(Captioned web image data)
|---|
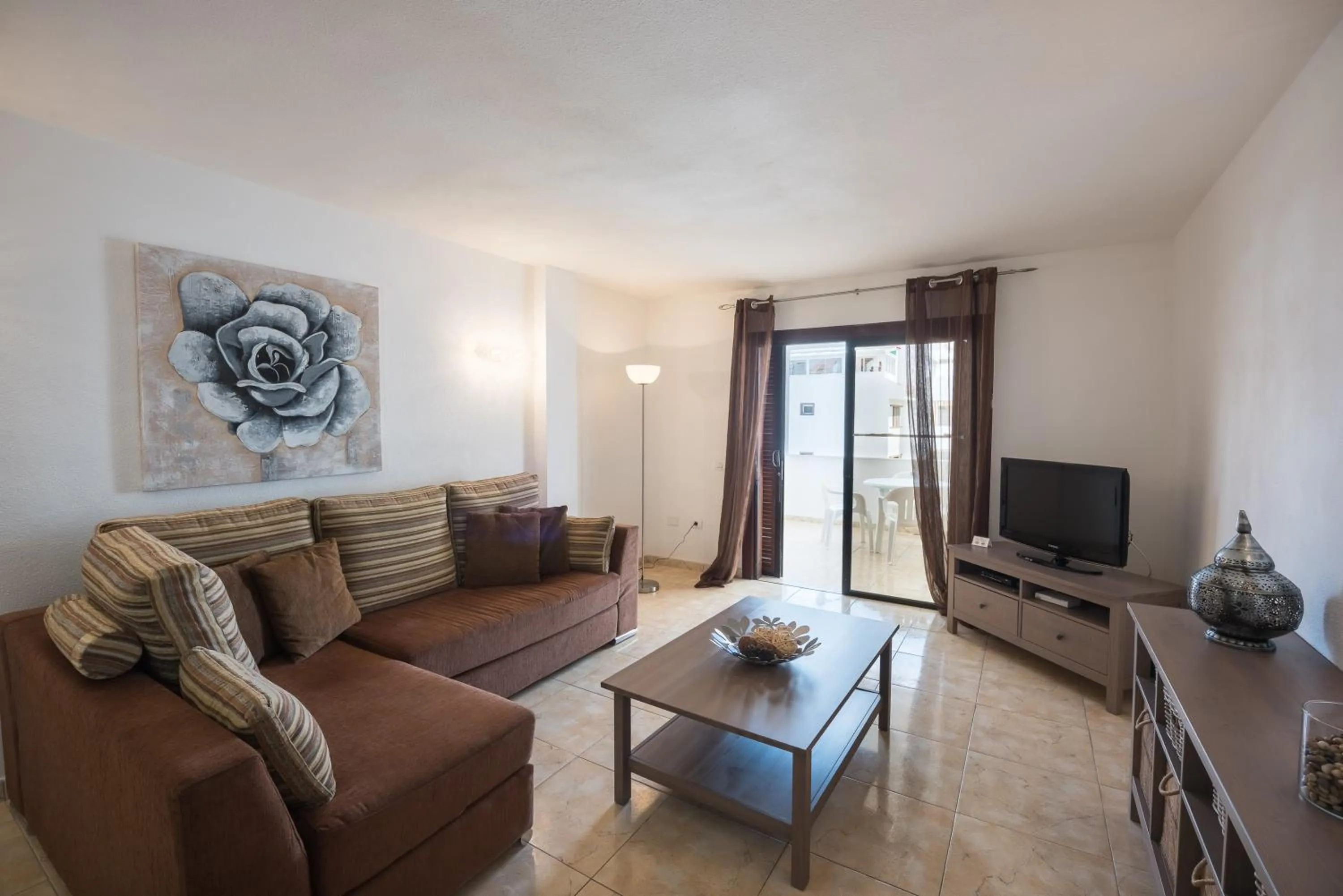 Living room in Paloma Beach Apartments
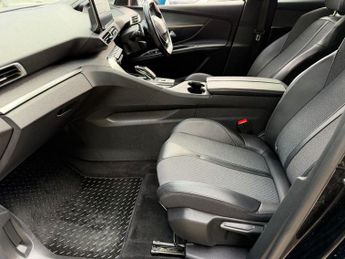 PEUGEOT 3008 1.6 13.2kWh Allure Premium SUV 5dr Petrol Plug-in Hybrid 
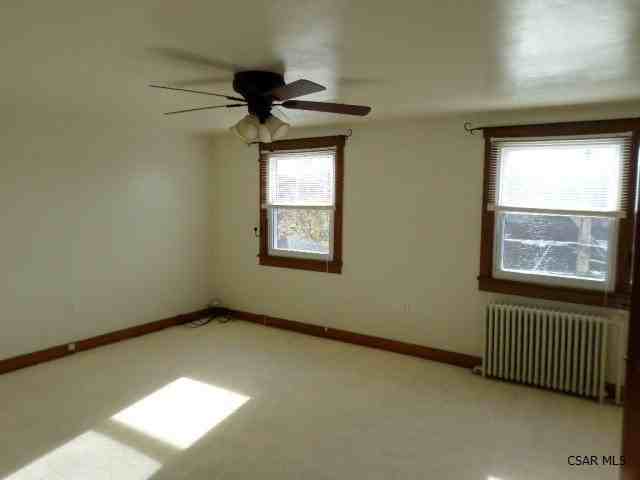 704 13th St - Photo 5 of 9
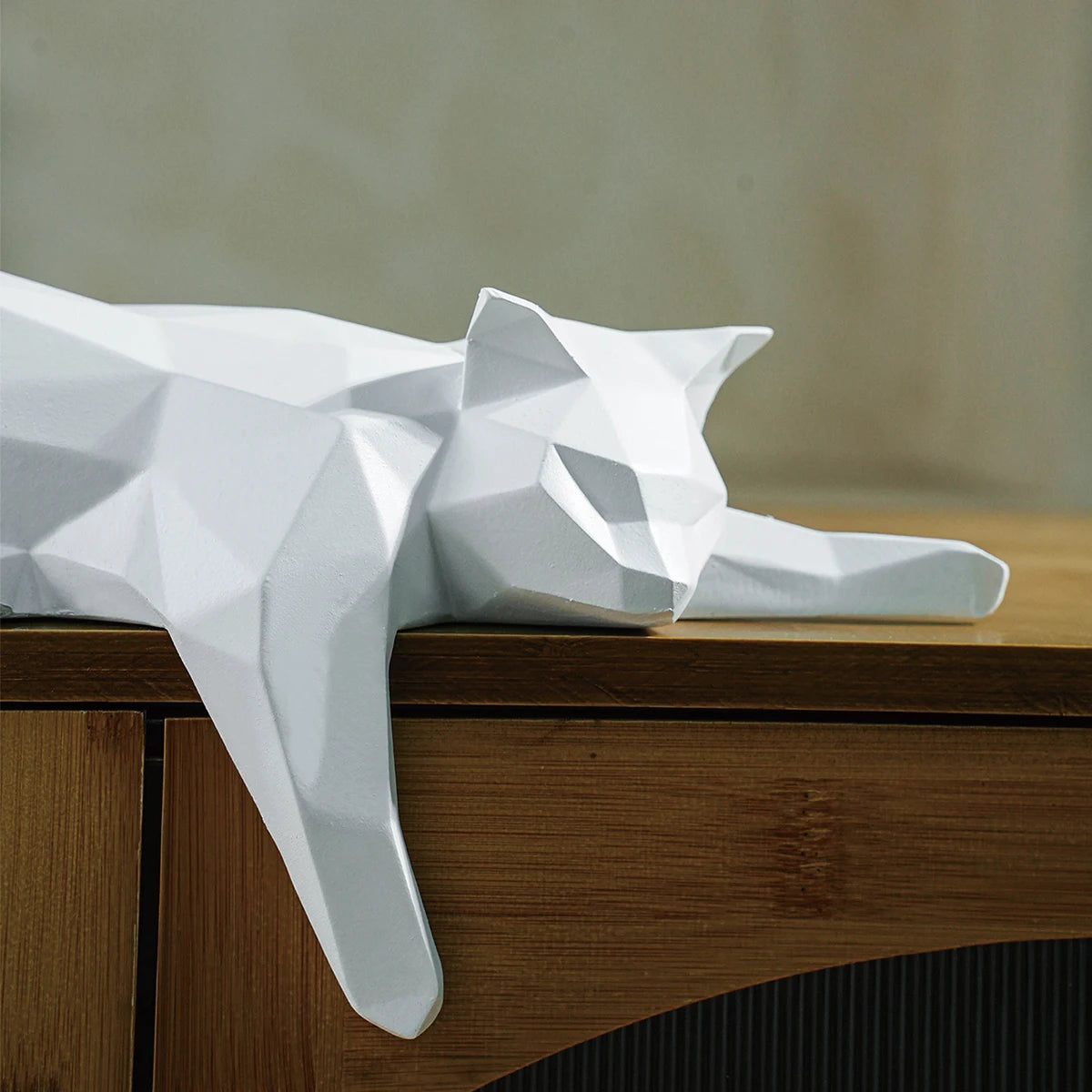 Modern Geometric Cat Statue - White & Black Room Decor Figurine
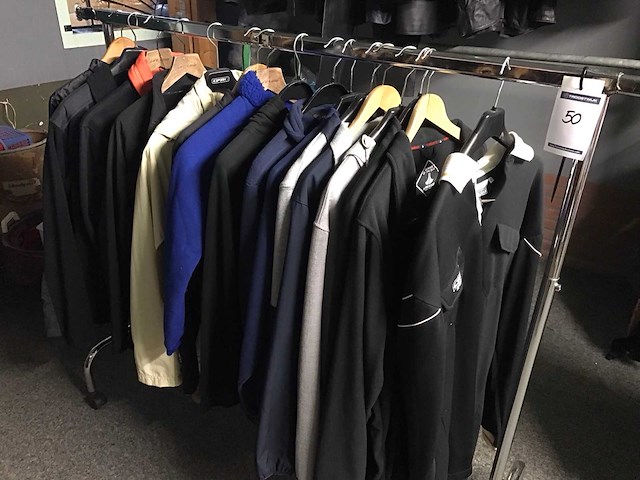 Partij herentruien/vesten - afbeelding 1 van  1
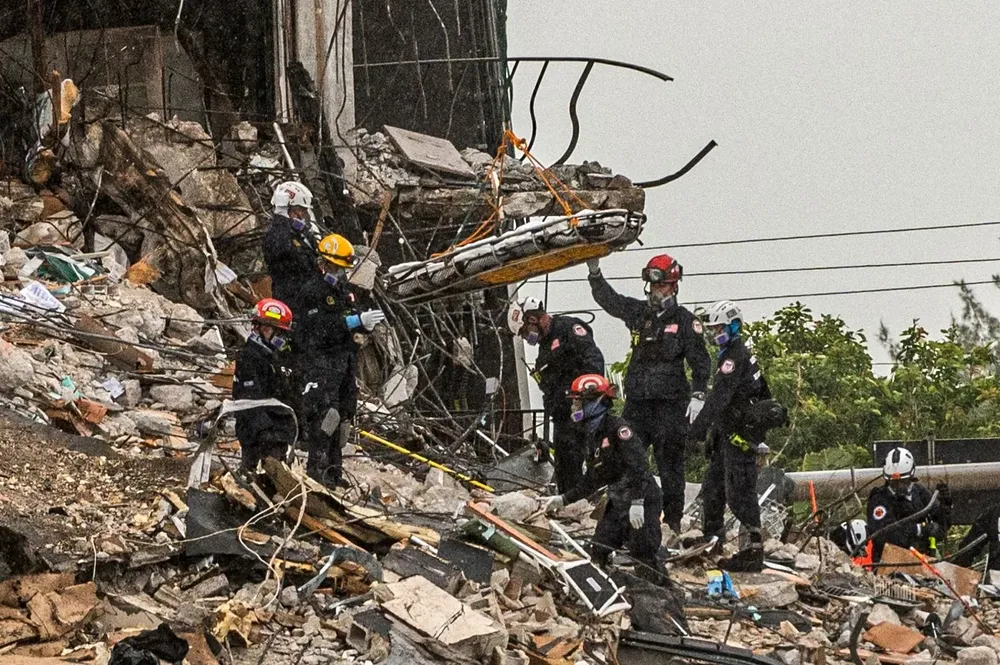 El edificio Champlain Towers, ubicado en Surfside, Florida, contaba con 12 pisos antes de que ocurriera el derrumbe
|---|
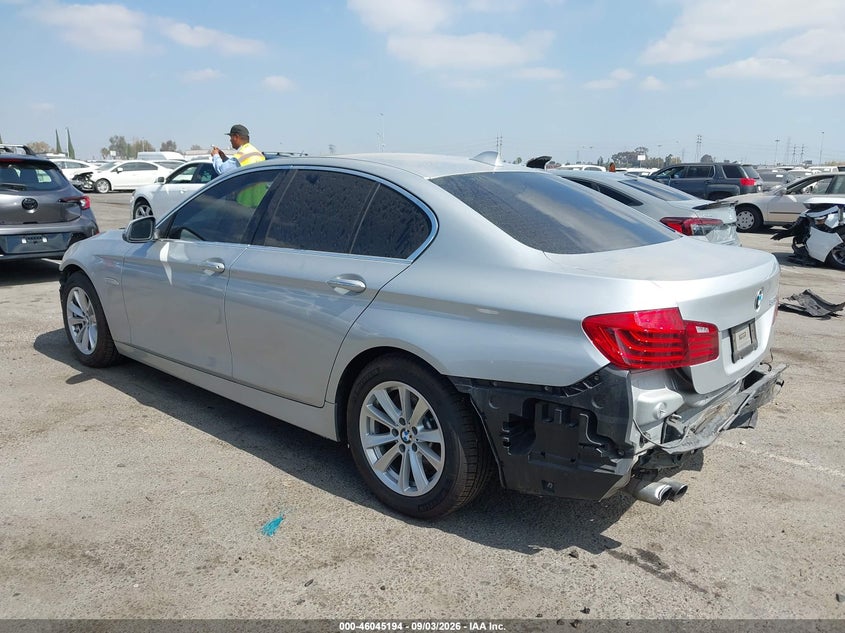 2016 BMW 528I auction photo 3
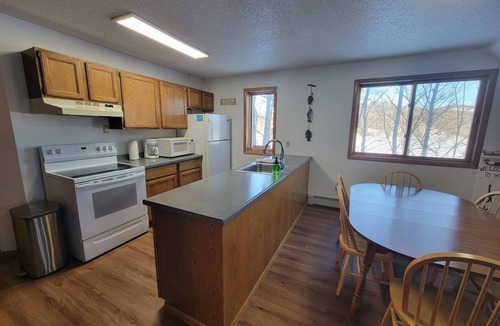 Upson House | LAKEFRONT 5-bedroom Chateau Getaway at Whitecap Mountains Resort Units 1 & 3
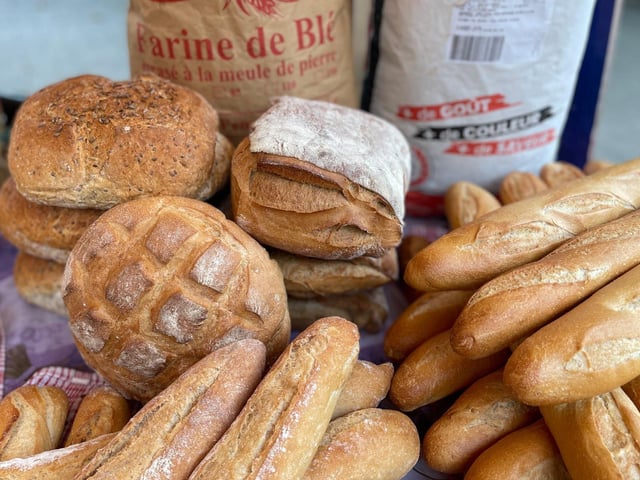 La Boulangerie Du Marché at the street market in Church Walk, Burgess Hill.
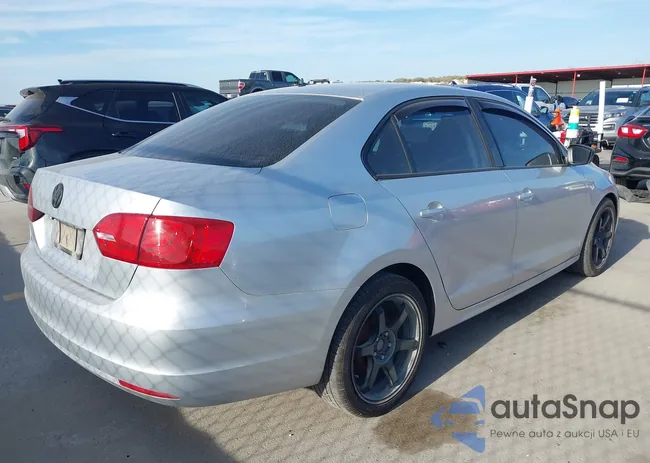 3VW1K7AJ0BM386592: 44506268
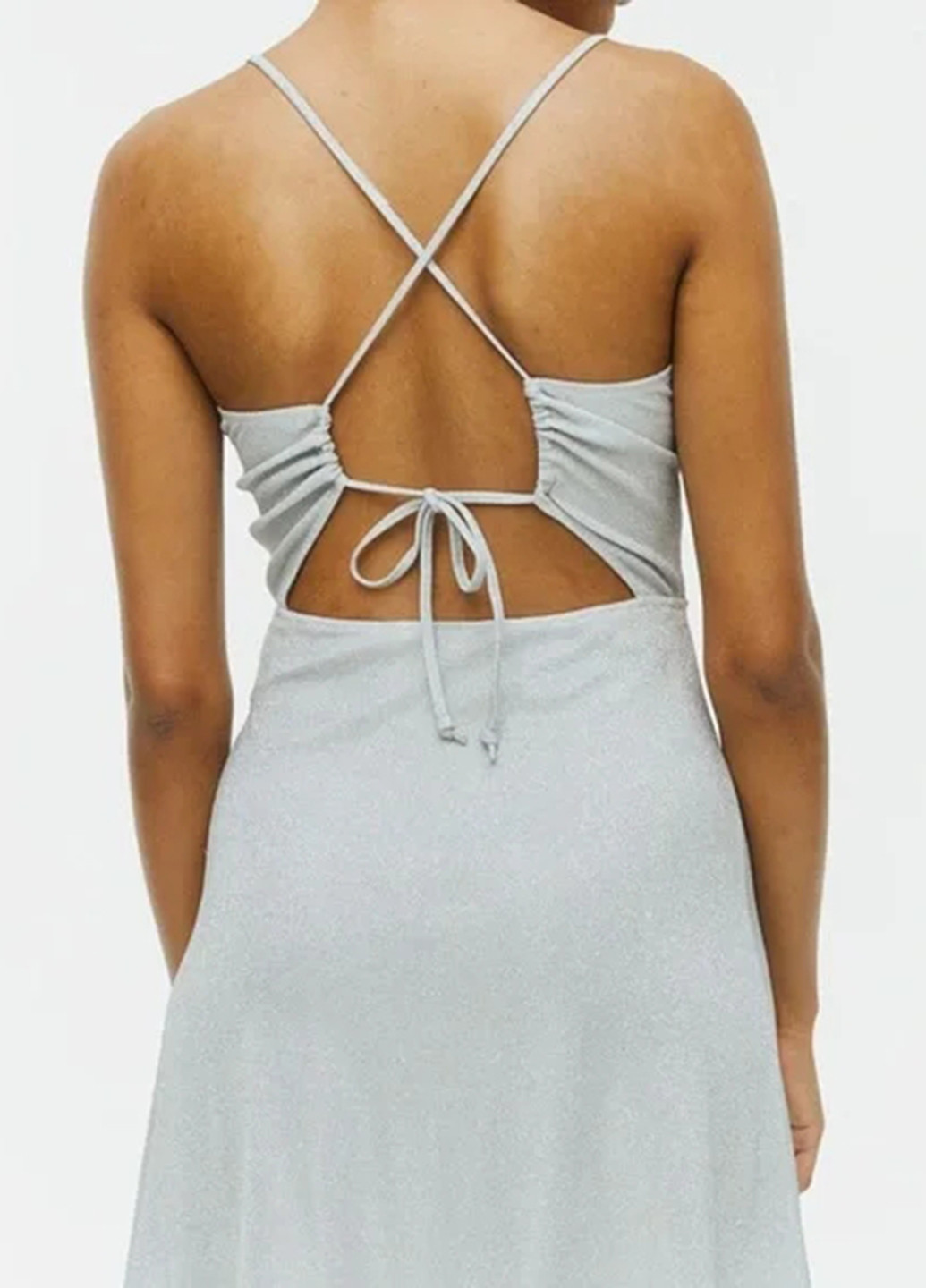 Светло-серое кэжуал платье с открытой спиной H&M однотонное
|---|
# Work required
For this exercise, transcribe exactly the part of the records above that opens with the line containing "Modern Geometric Cat" and closes with the one containing "El edificio Champlain". Pictures are not part of the copy.

# The completed task
 Modern Geometric Cat Statue - White & Black Room Decor Figurine
 Partij herentruien/vesten - afbeelding 1 van  1
 El edificio Champlain Towers, ubicado en Surfside, Florida, contaba con 12 pisos antes de que ocurriera el derrumbe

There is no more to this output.